Devon Energy Corp.'s (NYSE: DVN) risked drilling inventory in the Delaware Basin has increased by 20% following a successful Leonard Shale stacked spacing test in southeast New Mexico, the company said Dec. 6.

The Oklahoma City company's Thistle spacing pilot tested average 30-day IP rates of 1,800 barrels of oil-equivalent barrels per day (boe/d) per well, of which 75% was light oil. The pilot tested 400-foot vertical spacing between the Leonard Shale “B” and “C” intervals in the southwest corner of Lea County, N.M.

Devon's Leonard downspacing success yields inventory expansion, increasing the company's risked gross locations to 950 (predicted on six wells per section) from previous estimates.
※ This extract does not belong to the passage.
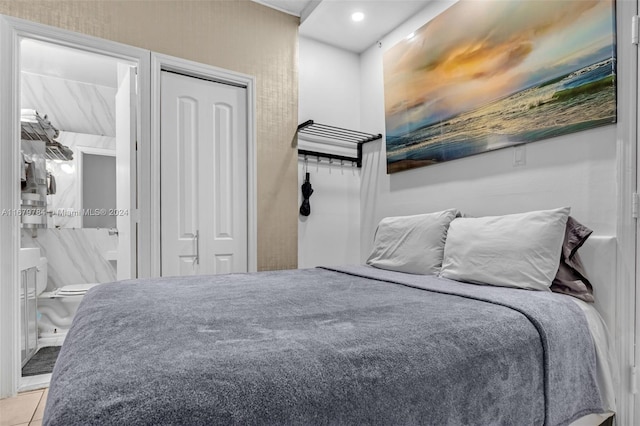 tiled bedroom with ensuite bath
This early-stage development play has potential for greater than 1 billion boe of recoverable resource, Devon said.

Mike Kelly, senior analyst with Seaport Global Securities, said Devon's estimates could prove conservative given ongoing downspacing efforts aimed at ultimately testing up to 24 wells per section across the Leonard A, B, and C.
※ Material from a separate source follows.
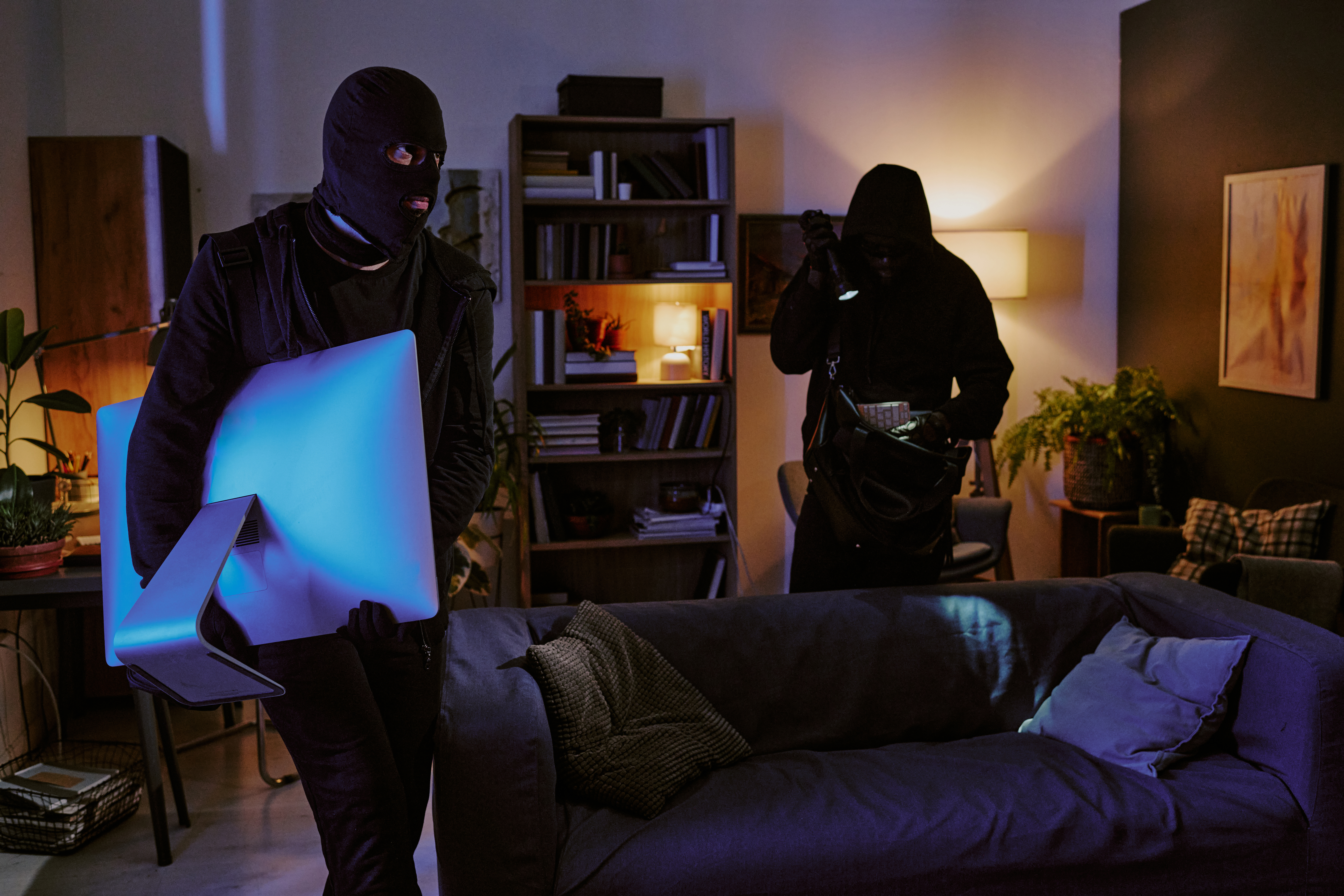 masked figures stealing a computer monitor from ho 2026 03 18 14 51 05 utc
"We like Devon’s expanding high-quality Delaware inventory, which should serve as a material growth driver going forward," Kelly said in a Dec. 7 report.

Kelly also sees additional positive implications from Devon's success for nearby players including Concho Resources Inc. (NYSE: CXO), EOG Resource Inc. (NYSE: EOG), Matador Resources Co. (NYSE: MTDR), Occidental Petroleum Corp. (NYSE: OXY) and WPX Energy Inc. (NYSE: WPX).

The Thistle wells were drilled with 7,000-foot laterals at a cost of about $6 million per well, Devon said.

Overall, Devon has 60,000 net surface acres in the Leonard Shale play, with gross pay ranging up to 1,100 feet and as many as three different landing intervals. Adding up the Leonard leasehold by target landing interval, Devon has exposure to 160,000 net effective acres.